~ for feedback on how to improve efforts in the fight against COVID-19
THE United Nations International Children’s Emergency Fund (UNICEF) has partnered with the Ministry of Public Health to launch a digital platform to facilitate community engagement to improve efforts to address the COVID-19 epidemic and to protect children from its direct and knock-on consequences. These include food shortages, strained healthcare systems, violence and lost education.
A press statement from the organisation outlined that the platform will allow receipt of further feedback on how to improve efforts in the fight. The platform is being launched with a Knowledge, Attitudes and Practices (KAP) survey on COVID-19. It will seek to ascertain what individuals know about COVID-19, how they perceive the situation and how they behave in response to it, with an aim to provide a better understanding of how people experience the crisis caused by the coronavirus.
The statement said the survey will be conducted every two weeks, covering all 10 regions, and will take about 10 minutes to complete and no names will be recorded.
It will use combined methods: interviews conducted by phone (you may receive a call at home) and online surveys (you may receive an email asking to complete the survey). In the hinterland, health-care workers, social workers, and/or community leaders may request your participation (using face-to-face interviews respecting social distancing). Or persons can visit the UNICEF or MoPH website to take the survey during week one and week three of each month.
The interviewers will not request money, cellphone credit or any other human, financial or material resources, or request to see or meet respondents. All the information will remain strictly confidential and only used for the purpose of this survey. While participation is voluntary, support from all is needed.
It provides an opportunity to inform efforts and strategies towards flattening the curve and stopping the spread of the epidemic. Findings will go directly towards improving the response to fight COVID-19 as well as towards UNICEF’s emergency programmes, including through the provision of hygiene items, protective equipment, life-saving information and other support to healthcare systems or access to continuous services.

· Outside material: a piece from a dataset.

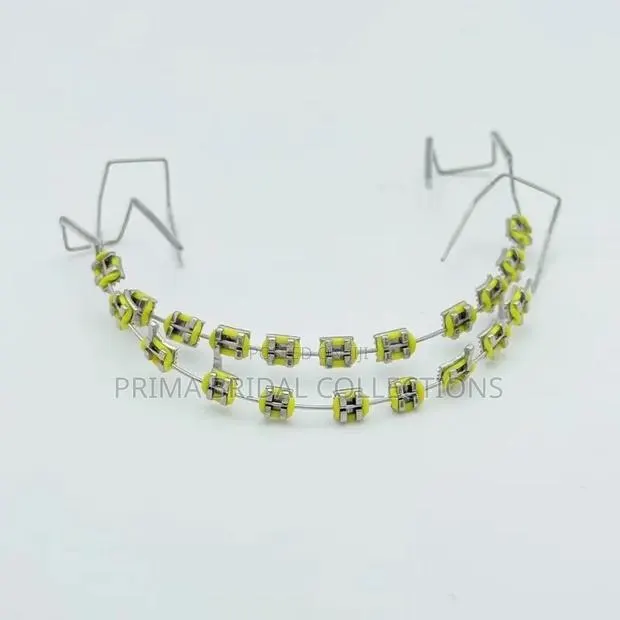 Fashion Braces · Photo 1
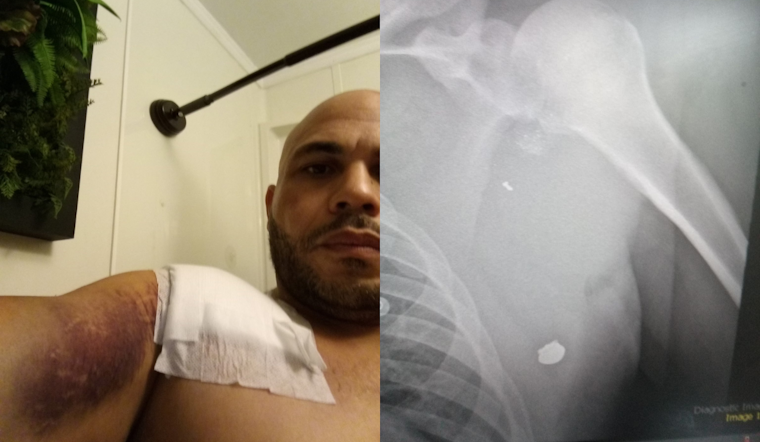 Portland Man Shot Breaking Up Fight Says He Thought of His Kids as He Fell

A report issued this month by the United Nations warned that children risk being among the biggest victims of the COVID-19 pandemic. While children have been largely spared from the direct health effects of the disease up to this point, the crisis is having a profound effect on their overall well-being. Children are being affected by the socio-economic impacts and, in some cases, by the mitigation measures implemented to stem the spread of the disease.
In Guyana, UNICEF’s COVID-19 response focuses on working with partners to help reduce the transmission of the virus and mitigate its impact on children, while ensuring that essential services for children continue. This includes: ensuring access and availability of key supplies and services for children, women and vulnerable populations; scaling up messages about handwashing with soap; supporting governments with the procurement of personal protective equipment for healthcare workers; supporting distance-learning opportunities for children who cannot access school; providing mental health and psychosocial support to children and families affected; and helping to maintain essential immunisation and other services for children.
“The coronavirus pandemic is the greatest struggle the world has seen in generations. Children and young people are among the most severely impacted by the knock-on effects of COVID-19, so it is critical to hear from children and families on how they adjust behaviours and are coping,” said UNICEF’s Country Representative Sylvie Fouet.